• Source material
>>>
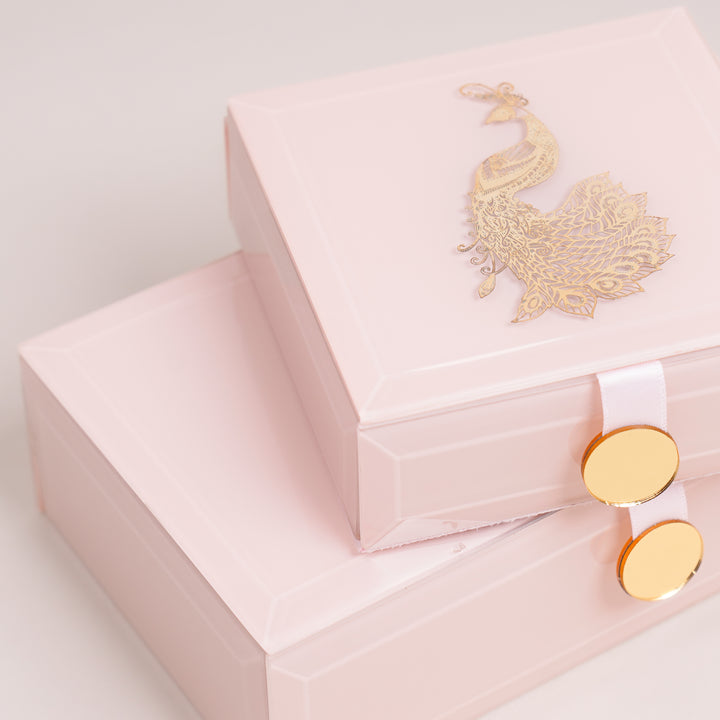 Peach Blossom Keepsake Box, Set of 2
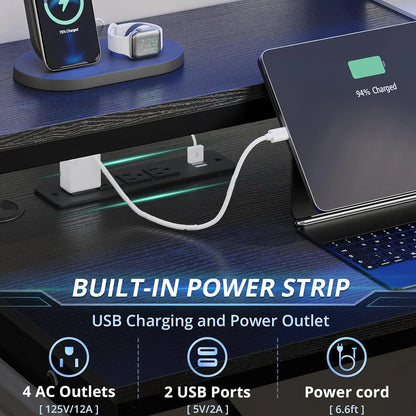 L Shaped Gaming Desk, Reversible Corner Computer Desk with Power Outlet & Led Strip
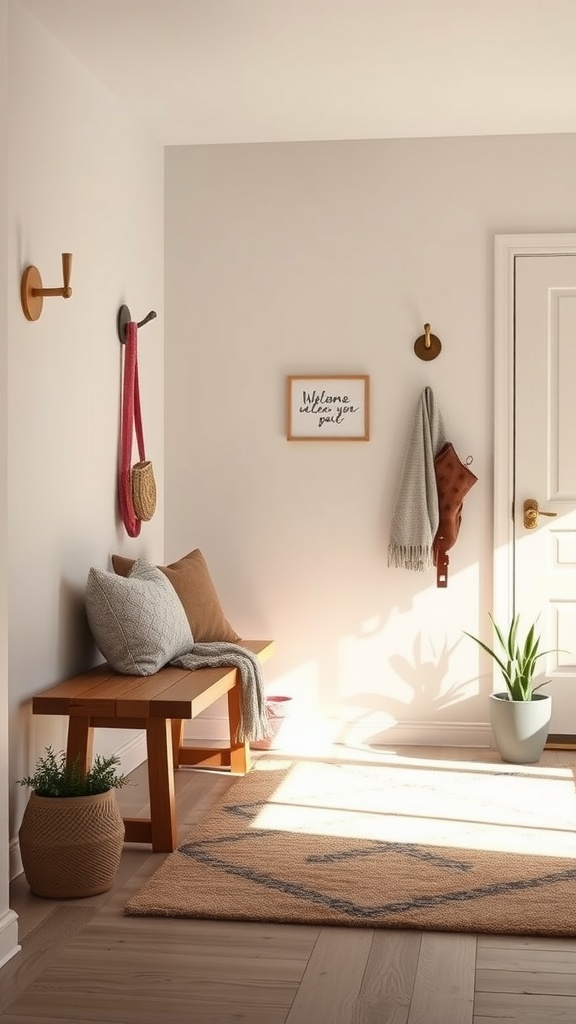 Cozy entryway with a wooden bench, hooks, and a plant, creating a warm atmosphere.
<<<
• Work item
Here the job is to print all the data exactly, skipping any image.

• Written solution
 Peach Blossom Keepsake Box, Set of 2
 L Shaped Gaming Desk, Reversible Corner Computer Desk with Power Outlet & Led Strip
 Cozy entryway with a wooden bench, hooks, and a plant, creating a warm atmosphere.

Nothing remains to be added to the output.